BEGIN Dataset excerpts
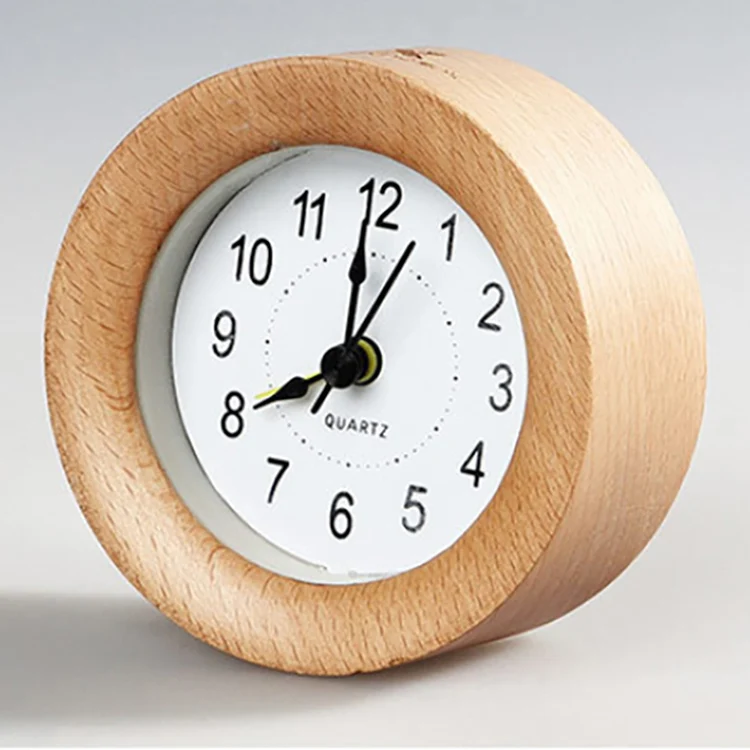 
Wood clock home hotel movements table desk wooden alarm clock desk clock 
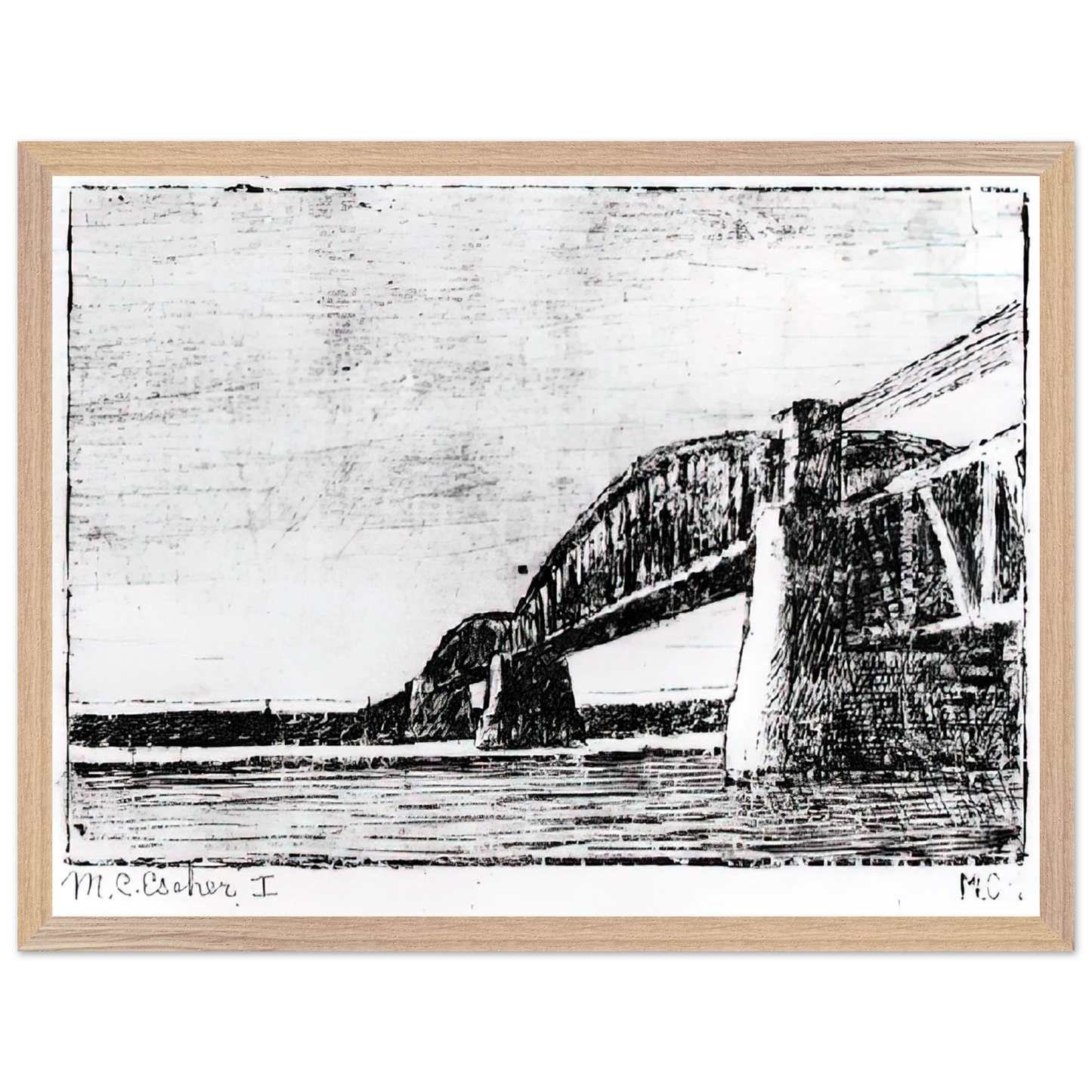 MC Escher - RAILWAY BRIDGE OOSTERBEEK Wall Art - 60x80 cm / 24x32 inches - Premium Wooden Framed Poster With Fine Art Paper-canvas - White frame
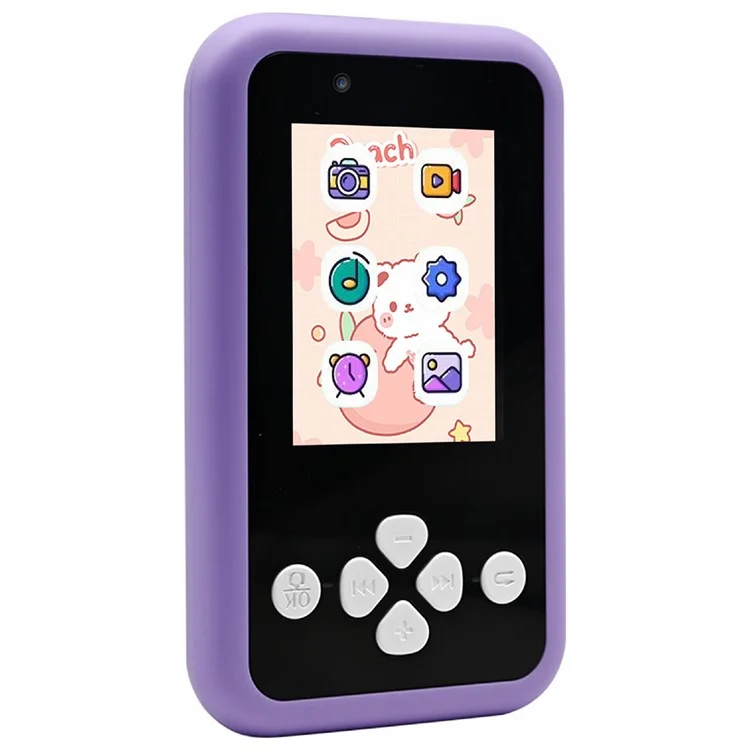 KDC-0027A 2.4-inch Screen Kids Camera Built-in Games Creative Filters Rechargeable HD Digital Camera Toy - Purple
END Dataset excerpts
BEGIN Dataset excerpts
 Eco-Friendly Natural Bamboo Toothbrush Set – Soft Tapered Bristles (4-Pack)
END Dataset excerpts
BEGIN Dataset excerpts
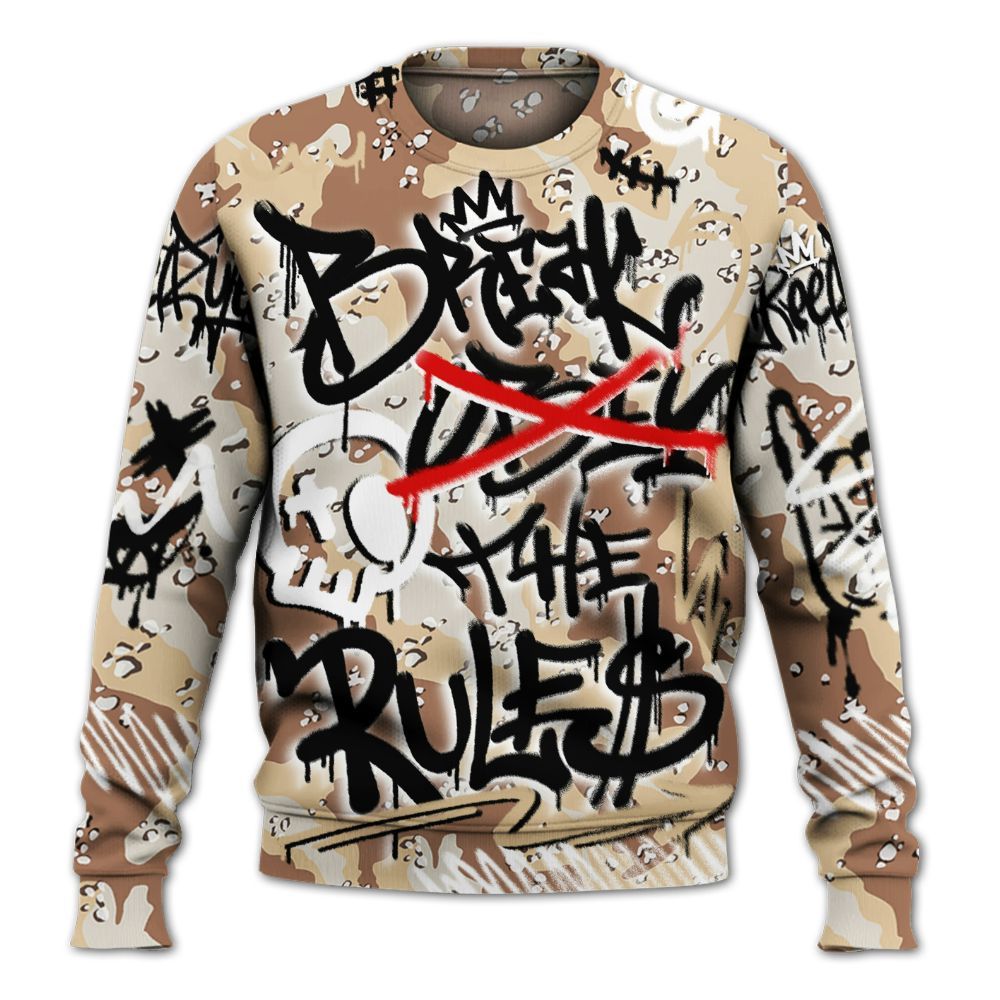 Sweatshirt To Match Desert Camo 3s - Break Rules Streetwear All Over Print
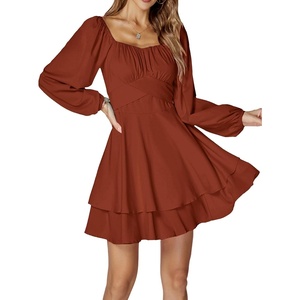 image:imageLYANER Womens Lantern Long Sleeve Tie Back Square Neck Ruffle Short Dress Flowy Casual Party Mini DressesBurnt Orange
END Dataset excerpts
▶ **The task**
Your answer should be the exact lines above from the one containing "Wood clock home" through the one containing "MC Escher - RAILWAY", with both end lines kept and the pictures removed, please.

▶ **Output of the exercise**
Wood clock home hotel movements table desk wooden alarm clock desk clock 
 MC Escher - RAILWAY BRIDGE OOSTERBEEK Wall Art - 60x80 cm / 24x32 inches - Premium Wooden Framed Poster With Fine Art Paper-canvas - White frame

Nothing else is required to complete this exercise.